# contour color for NC20-25 - Recommendation please



## jdmac (Jul 25, 2008)

can anyone recommend a contour color for me?  i was thinking about using a MSFN in a darker shade than regular (light medium) to contour.  perhaps a different product altogether? either case, please tell me what shade.  

thanks!!


----------



## infernalmachine (Jul 25, 2008)

*Re: contour color for NC20-25*

since emote blush has been DC, i use NYX blush in taupe.


----------



## jdmac (Jul 26, 2008)

*Re: contour color for NC20-25*

ooh!  i had been wondering about that nyx blush in taupe.  thanks for the info, i'll pick one up next time!


----------



## Jemma28 (Jul 26, 2008)

*Re: contour color for NC20-25*

I use Emote and I just bought another one at the CCO a couple of weeks ago.  From what I hear most of the CCO's still have some in stock.


----------



## Susanne (Jul 27, 2008)

I use blush Tenderling for contour or Sculpt and Shape powder in Accentuate/Sculpt.


----------



## stacylynne (Jul 27, 2008)

You actually can use wedge eyeshadow for contouring


----------



## lukinamama (Jul 27, 2008)

I am nw25-30 and I use  Sculpt and Shape powder in Accentuate/Sculpt


----------



## anshu7 (Jul 27, 2008)

emote blush. if u want msf u shud get a shade over medium--medium plus maybe?light medium and medium wont giv u a contour imo


----------



## SpringDancer (Jul 27, 2008)

I'm NC20 and I use Sculpt and Shape powder in Accentuate/Sculpt.
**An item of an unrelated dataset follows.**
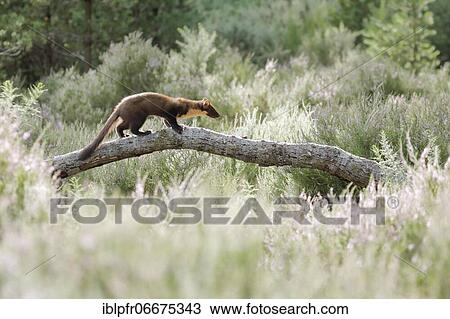 European pine marten (Martes martes) View Large Photo Image Stock Image - European pine marten (Martes martes). Fotosearch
I love the result. I think MAC Pro has the sculpting powder in their permanent line.


----------



## mochajavalatte (Aug 7, 2008)

I'm an NC20, I wear MSFN in Medium normally. So to contour I use MSFN in Medium Plus.


----------



## x.DOLLYMiX.x (Aug 8, 2008)

Iam about a nw20-nw25 and I use harmony blush for contouring.


----------